Очень приятно, что у нас были показы в Бундесархиве – микс современного и классического кино. Кстати, этот институт очень поддерживал нас еще до войны: некоторые из фильмов, которые мы не могли забрать из российского госфильмофонда, нашлись в Бундесархиве. И там подали пример того, как это функционирует в Европе: не нужно ждать три года и заполнять миллион бумажек (а в госфильмофонде часто менялись директора, и нужно было на каждого нового директора писать новую тысячу обращений) – Бундесархив просто через два дня присылает тебе копию фильма почтой. Это очень показательное цивилизационное отличие.
Кроме того, я оценил показы, которые были не в хорошо известных институтах – в Швеции, Литве, Латвии, Польше. Со стороны последних как раз было больше коммуникации, больше желания услышать наше мнение, а не просто взять фильм.
– Возвращаемся к тому, с чего начинали: что делать в ситуации, как, например, с Беркли, когда вы точно знаете, что на фестивале, показывающем украинское кино, будут российские режиссеры?
– Мне кажется, что шантаж – мол, не дадим фильмы, раз вы приглашаете россиян – будет вызывать противоположную реакцию. Так что наша задача – воспользоваться возможностью и представить украинские фильмы. А когда они утверждены в программе – пробовать объяснять, потому что это уже другой статус сообщения: вы же взяли фильм, то есть обратились к нам как к экспертам, поэтому, пожалуйста, выслушайте нас.
– И как часто такие письма срабатывают?
– Мне кажется, не очень срабатывают, если ставить перед собой цель изменить программу. Но мы верим, что эти люди могут изменить свое мнение и лучше понять, что происходит. Потому что иногда, обращаясь к нам за лентой, они пишут: мы вообще не знаем, что у вас происходит, возможно, вас уже разбомбили, но если нет, то дайте нам фильмы.
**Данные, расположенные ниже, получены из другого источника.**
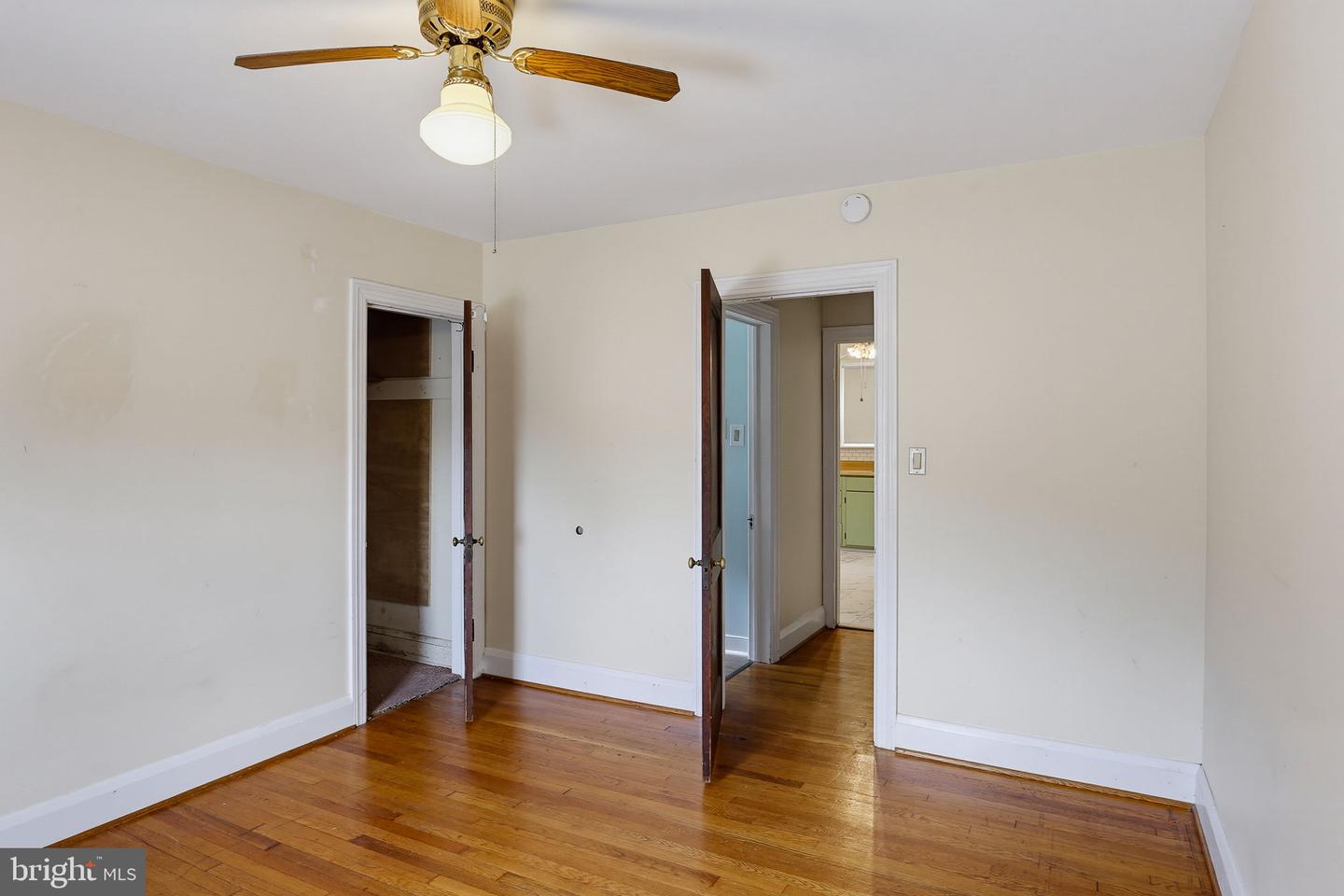 449 E Green St Property Photo 19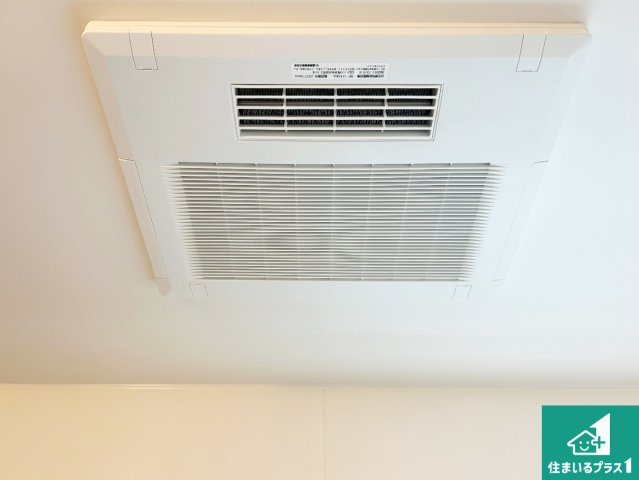 ♦堺市南区赤坂台　第10期　新築一戸建ての冷暖房・空調設備|四季を通して快適なバスライフをお手伝いする浴室暖房乾燥機！浴室の乾燥・暖房・涼風・換気はもちろん、２４時間換気にも対応！
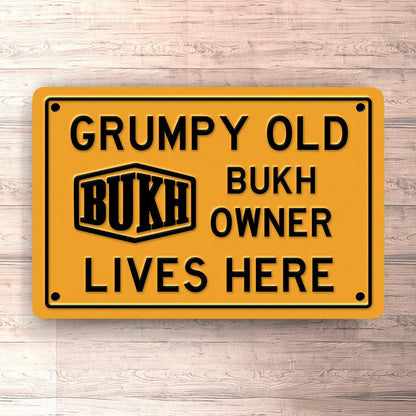 Bukh Grumpy Old Owner Lives Here Skilte, Musemåtte, Dørmåtte-Skilte-Bukh-Garage Culture Shop- garage - man cave - merchandise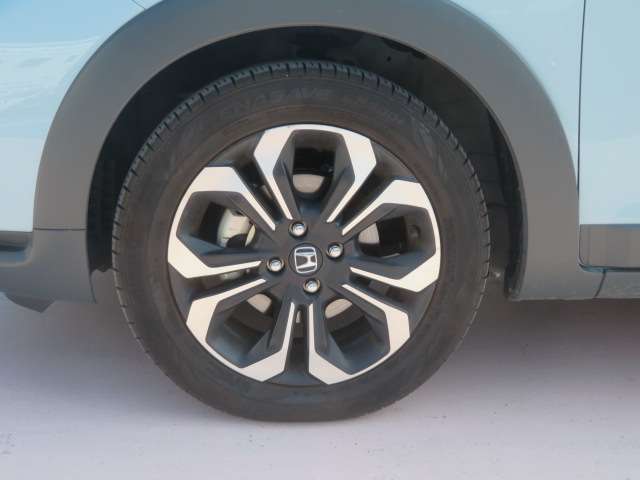 タイヤホイール（前）の画像です！知識と技術豊富な当店のベテランスタッフがお客様を全力でサポート致します！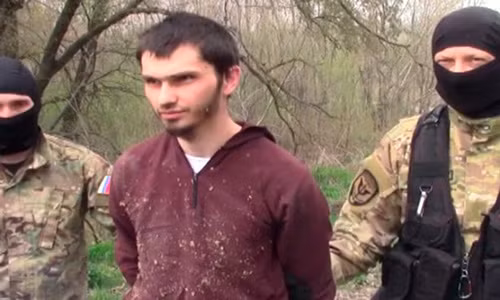 Một nghi phạm khủng bố bị lực lượng an ninh Nga bắt giữ. Ảnh: Mirror.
И приходится объяснять, что у нас, конечно, война в разгаре, но фронт преимущественно на востоке страны, и идет очень активное сопротивление, и мы не собираемся сдаваться, а собираемся выжить и продолжить свою деятельность, и не надо нас хоронить раньше времени, поэтому давайте работать.
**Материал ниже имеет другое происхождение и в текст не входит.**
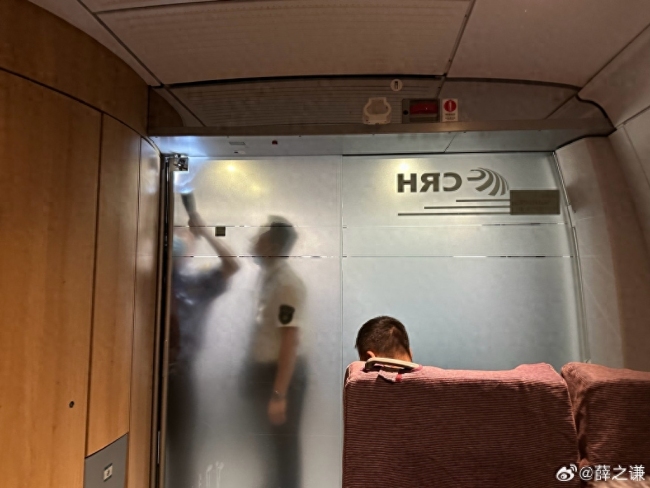 薛之谦乘高铁遇囧事，高铁门坏了，向工作人员喊话被反问：“你是谁啊？”
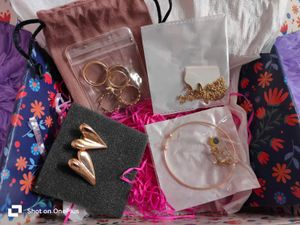 8 Combo Gold Jewellery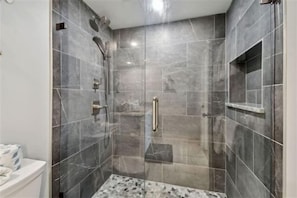 Ensemble douche/baignoire, sèche-cheveux, serviettes fournies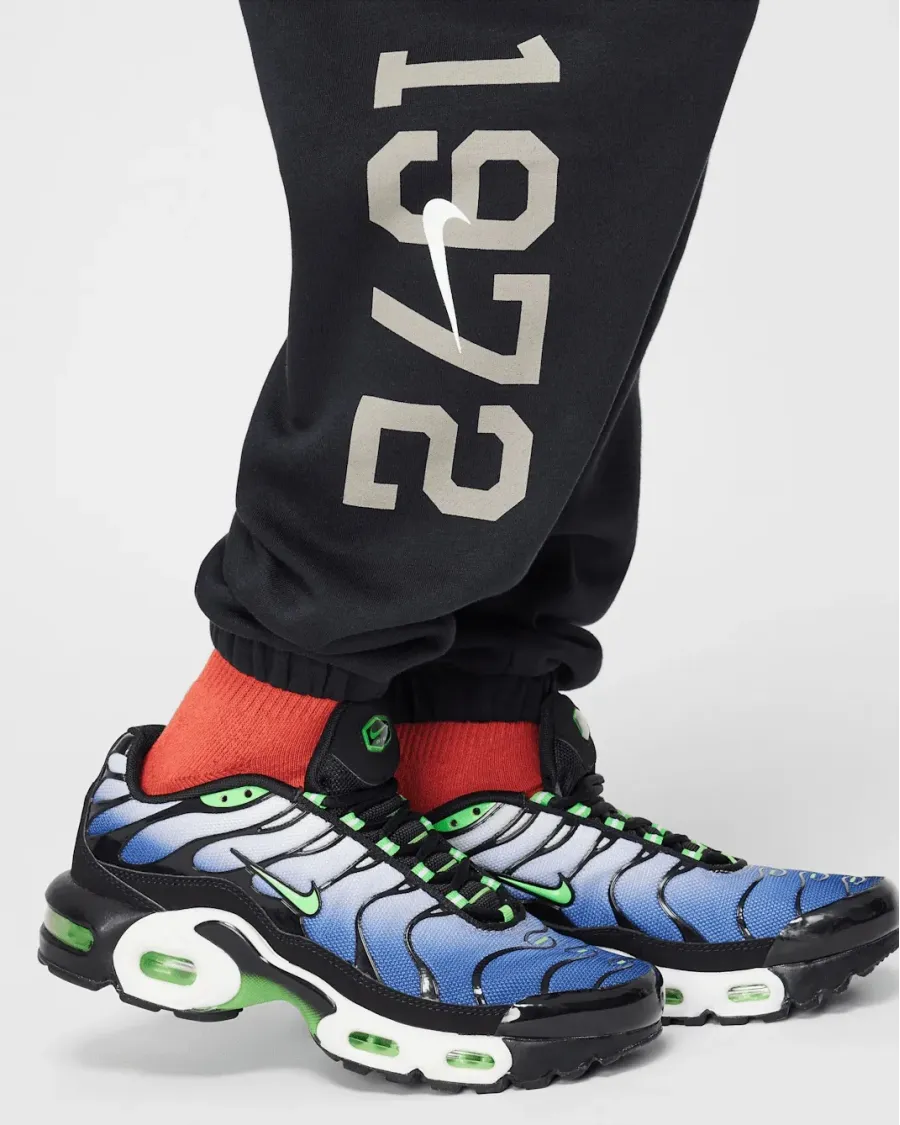 Штани Nike Sportswear Club Fleece Loose Trousers HJ3374-010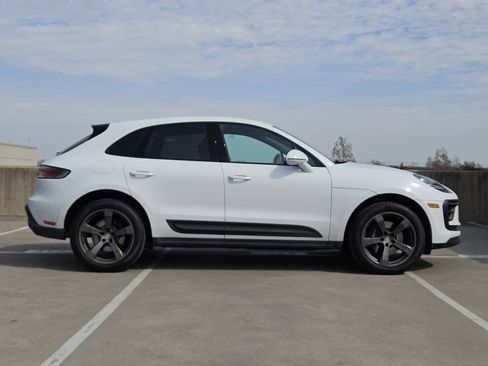 Certified 2025 Porsche Macan image 9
– Это странно: люди вроде обращаются с вопросом о сотрудничестве и при этом не могут посмотреть новости, чтобы понять, что мы тут в принципе живы.
– Мне кажется, географическое мышление, которое у нас очень активно включилось с этими картами войны, все же не так очевидно для многих, кто обращается. Хорошо, что они по крайней мере Украину от России отличают. А восток страны или центр – для них еще та Terra incognita.
– Кстати, об отличиях. В ходе дискуссии, говоря, что сейчас у нас есть шанс объяснить некоторые вещи об Украине и украинской культуре в частности, вы отметили, что она отличается от русской своим стилем. Что имелось в виду?
– Это широкий вопрос, но мне кажется, что за многие годы порабощения и цензурирования украинская культура стала более демократичной в своих идейных порывах, более эмансипативной, а если говорить о форме, то она гораздо менее литературоцентрична – здесь больше выражения образом. Даже если посмотреть на наши фильмы: они иначе смонтированы, больше простора, больше колористики, орнаментального оформления, декорирования. В то время как русская культура, как говорил Николай Хвылевой, пассивно-пессимистичная – она показывает тип страдающего человека, но не способная этому страданию сопротивляться. Это точно не тот тип, который подходит нам, и украинское кино это очень часто показывает.